É neste contexto que a mão-de-obra deve adquirir competências substanciais de processamento de informação e, por isso, deve ter alto nível de instrução. A exigência em torno de competências está fazendo com que o processo de produção, que no fordismo estava calcado num processo de trabalho material, ceda lugar a um "processo de projeto" (S.Lash) de conhecimento intensivo, e neste processo estão envolvidas reflexividade, auto-reflexividade, autonomia e inovação, ou seja, as EIC exigem um trabalhador capaz de programar e decidir seqüências inteiras de trabalho.
No conjunto destas questões, torna-se impossível deixar de chamar atenção para a importância de um processo educacional renovado que efetivamente esteja preocupado e voltado para a formação de indivíduos competentes, técnica, social e politicamente, o que possibilitará o exercício da nova cidadania por um número cada vez maior de pessoas. Do contrário continuaremos formando info-excluídos, que, desconectados das EIC, estarão constituindo "batalhões inteiros de "perdedores da reflexividade""(S.Lash). Isto quer dizer que, na pós-modernidade as oportunidades de vida dependem do acesso e do lugar que os indivíduos ocupam no "modo de informação", ao contrário da modernidade fordista em que as oportunidades estavam relacionadas ao lugar no "modo de produção".

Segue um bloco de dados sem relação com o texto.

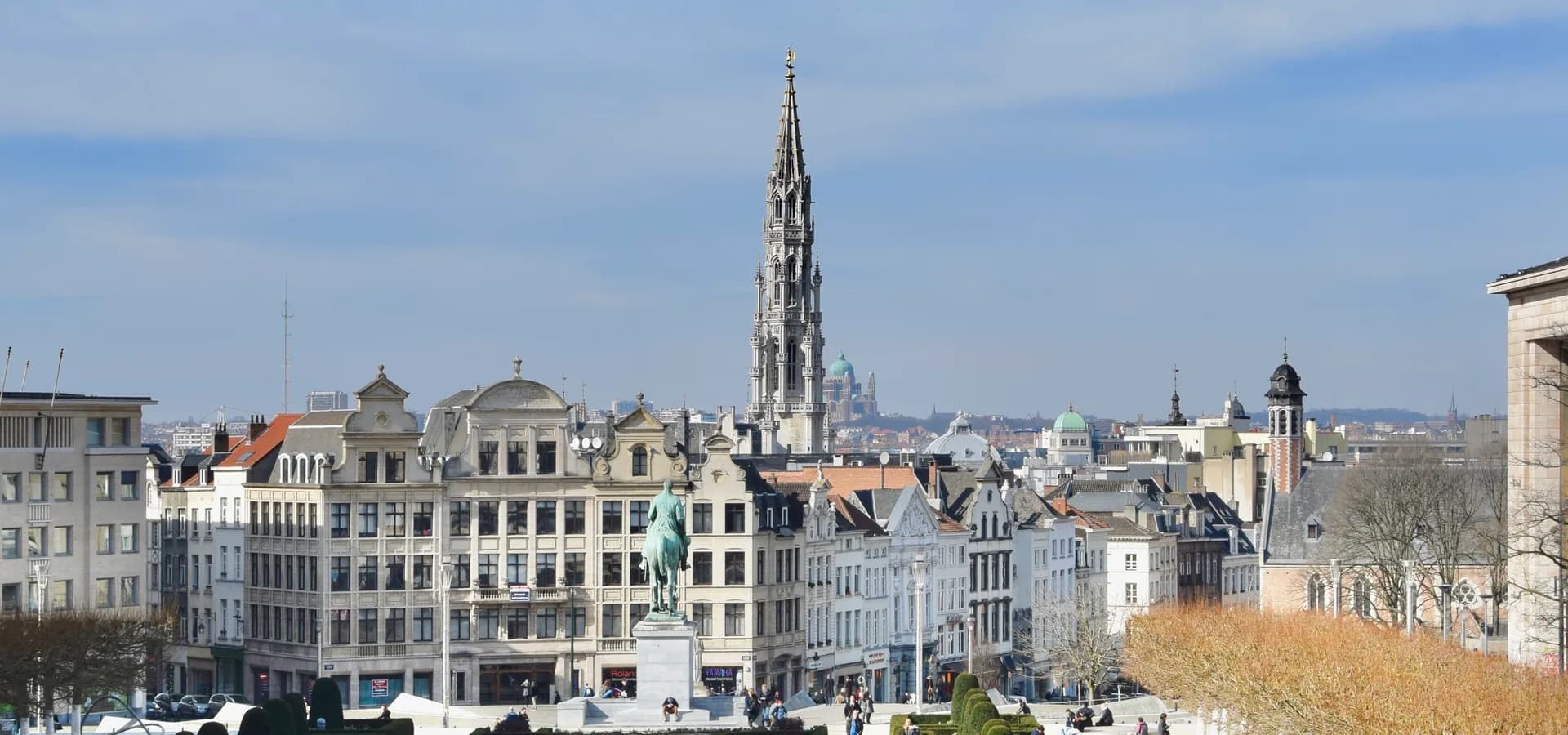 Jardines formales del Mont des Arts que conducen a tejados antiguos y a la aguja del Ayuntamiento bajo un cielo azul pálido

A condição de pós-modernidade acentua as possibilidades do processo de reflexividade dos indivíduos, e isto os torna produtores de informação em potencial. Sendo assim o processo de democracia passa por uma maior participação dos indivíduos nestas estruturas, pois somente desta maneira poderão exercer e desenvolver continuamente sua capacidade reflexiva. Porém uma participação positiva nas EIC significa participar ativamente, isto é, não apenas como consumidor de alguns fluxos que por elas circulam (principalmente os de informação e conhecimento), mas também como produtor destes fluxos.
A situação de conectado ou desconectado das EIC não se aplica apenas aos indivíduos mas também às regiões, como no caso da maior parte da África, cujas EIC são fraquíssimas ou até mesmo inexistentes, o que empurra-as em escala crescente para a exclusão social, colocando-lhes em off, ou, numa expressão bastante ilustrativa de Castells, "desligadas do mundo", e totalmente ignoradas pelos fluxos globais.
Portanto num plano mais abrangente, precisamos de políticas concretas de integração social voltadas para os excluídos do mundo informacional, superando-se as posições rançosas situadas em tendências marcadas pela tecnofobia, que na realidade expressam uma consciência ingênua das transformações contemporâneas, quando não uma falsa crítica forçada por motivo político-ideológico.
É fundamental lembrar que "a ação deliberada do homem pode efetivamente mudar as regras da estrutura social, inclusive as que levam à exclusão social"(M. Castells). Incluir os excluídos digitais, ligar os indivíduos e as regiões que hoje estão desligados do mundo, significa estabelecer uma conexão com as possibilidades de se reduzir as atuais condições de exclusão social, e também imprimir um caráter mais positivo nas relações globais.